Anti Money Laundering for Insurance

Insurance firms are facing money laundering at a growing rate, in fact 62% of insurance firms reported some sort of exposure to money laundering. However, it poses an even greater risk to life insurance firms. Large amounts of money are constantly being deposited and withdrawn by customers due to Life insurance firms’ relaxed policies and products that allow customers to do so without reducing almost any of the money’s value. 

There is a wide variety of anti-money laundering (AML) regulations and sanctions lists for insurance firms, implemented by government and international authorities, that must be implemented as a part of their AML. If they do not follow these obligations, life Insurance firms can face prison terms and fines as well as other compliance penalties. 

AML/CFT Risks with Life Insurance 

There are various life insurance products and mechanisms that are susceptible to money laundering including:

  • Policies allowing money launderers to withdraw a lot of money in one transaction, also known as Single Premium Policies. 
  • Annuity policies or high regular premium savings that allow money laundered to receive income after paying for insurance premiums with fraudulent, criminal funds
  • Cooling-off periods where Money Launderers can request a refund and get it paid with legitimate, clean money, or they can purposefully overpay for insurance premiums to get the money refunded.
  • Policy surrender, where Money Launderers are able to give up their policies at a loss in order to get the money they deposited back.
  • Top-ups, where money laundered can offload more criminal funds after paying a small starting premium.
  • Ownership transfers, where a customer can transfer the ownership of a life insurance policy to an outside criminal organization that can take out all of the money.
  • Policy loans where money launderers can get loaned money, as collateral, from the life insurance policy after having built up its value through premium payments.

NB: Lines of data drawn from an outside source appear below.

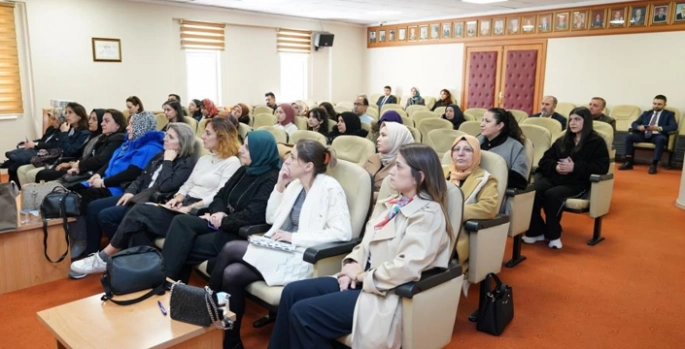 Kadın istihdamında pozitif ayrımcılık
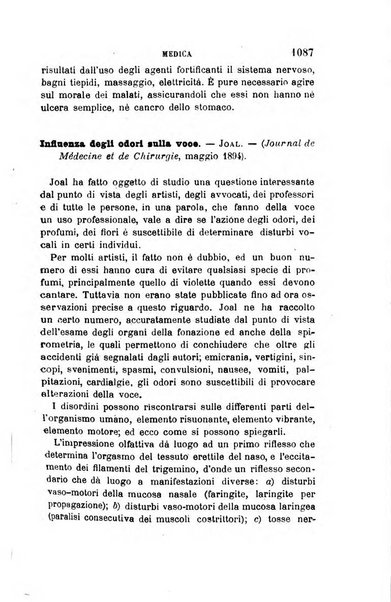 Giornale medico del R. Esercito e della R. Marina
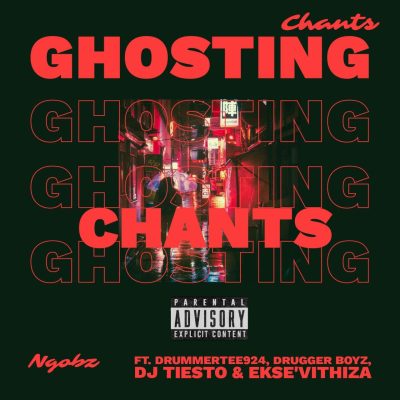 Ngobz – Ghosting Chants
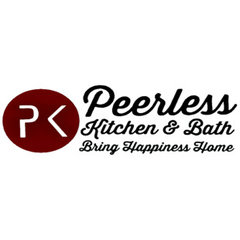 Peerless Kitchens Designs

These loans don’t have to be repaid, because the value of the loan will just be deducted from the death benefit, and also don’t have sufficient AML checks. 
  • Premium policies that could be used as deposits for loans where money laundered could give up their policies to repay the loans. 
  • Secondary life market, where unhealthy customers can sell their policy to an outside criminal organization. 

AML Life Insurance Regulations and How to Comply

As mentioned before, there are a variety of AML insurance regulations involving both sanctions and screening obligations as well as transaction monitoring.

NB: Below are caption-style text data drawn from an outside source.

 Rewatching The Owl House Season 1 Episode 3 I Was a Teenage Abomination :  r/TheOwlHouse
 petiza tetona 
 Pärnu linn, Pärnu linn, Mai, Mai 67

For transaction monitoring, locally and internationally enforced laws and acts such as the Bank Secrecy Act (BSA) in the United States, cover and require monitoring of: 

  • Permanent life insurance policies (excluding group life insurance policies)
  • Annuity contracts (excluding group annuity contracts)
  • Insurance products with investment features or monetary value

The BSA also requires suspicious activity reports (SARS) to be reported to the financial crimes enforcement network (FinCEN) when any suspicious transactions relating to the products above are detected.

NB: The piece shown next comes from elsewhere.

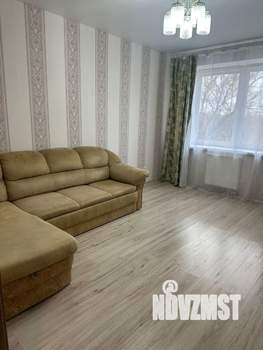 1-к квартира, на длительный срок, 33м2, 3/9 этаж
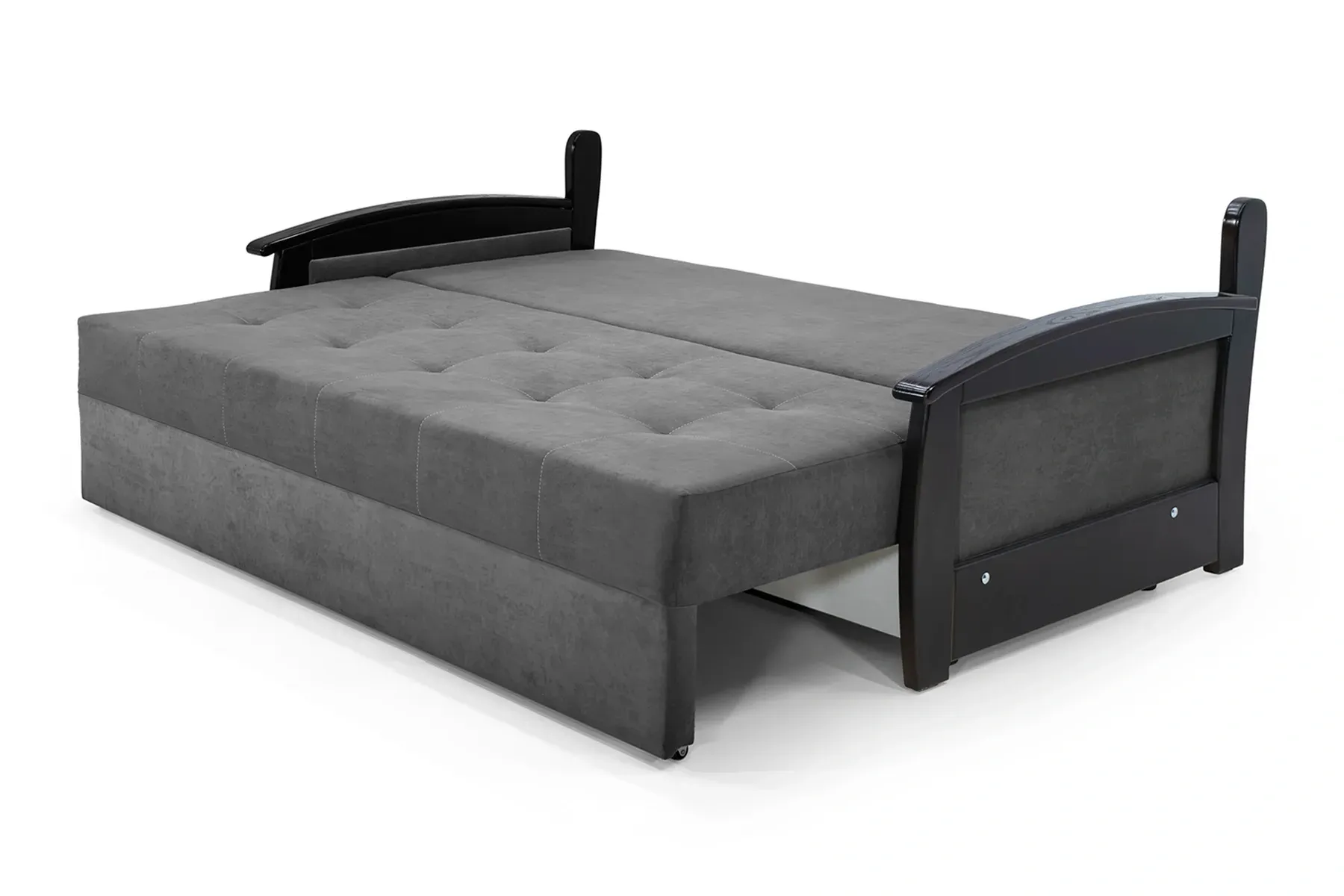 Диван Монтеро 212х103 см Серый (25484825) - фото 5 Диван Монтеро 212х103 см Серый (25484825) - фото 5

Financial Action Task Force: The intergovernmental Financial Action Task Force (FATF) lays out anti-money laundering insurance guidelines that are required for states within the Task Force, for example, the US followed FATF requirements through the BSA. To ensure the relevance and effectiveness of its regulations, the FATF also partners with private sector insurance companies.

Insurance Sanctions

Insurance companies are required to comply with financial sanctions that are imposed by governmental and international authorities. If customers appear on official sanctions lists, insurance firms are restricted if not prohibited from selling life insurance products to them. 

It is necessary that insurance firms, as a part of their AML programs, apply sanction screening measures in order to identify customers that are on that list. Insurance firms must take steps to block transactions or freeze assets if a customer is on the list. They also must report the customer to the relevant authorities.

Complying with AML/CFT Insurance Regulations

Insurance firms should make sure that their Anti-Money Laundering programs have acceptable customer due diligence (CDD) measures to ensure their customers’ identities. 

Due to the large quantity of information involved in sanction screening and transaction monitoring, a lot of insurance firms chose to make their AML/CFT programs automated with smart technology. By automating AML/CFT programs, it increases the speed as well as the accuracy of the screening process as well as reducing errors due to humans, and helps the firms avoid expensive compliance penalties.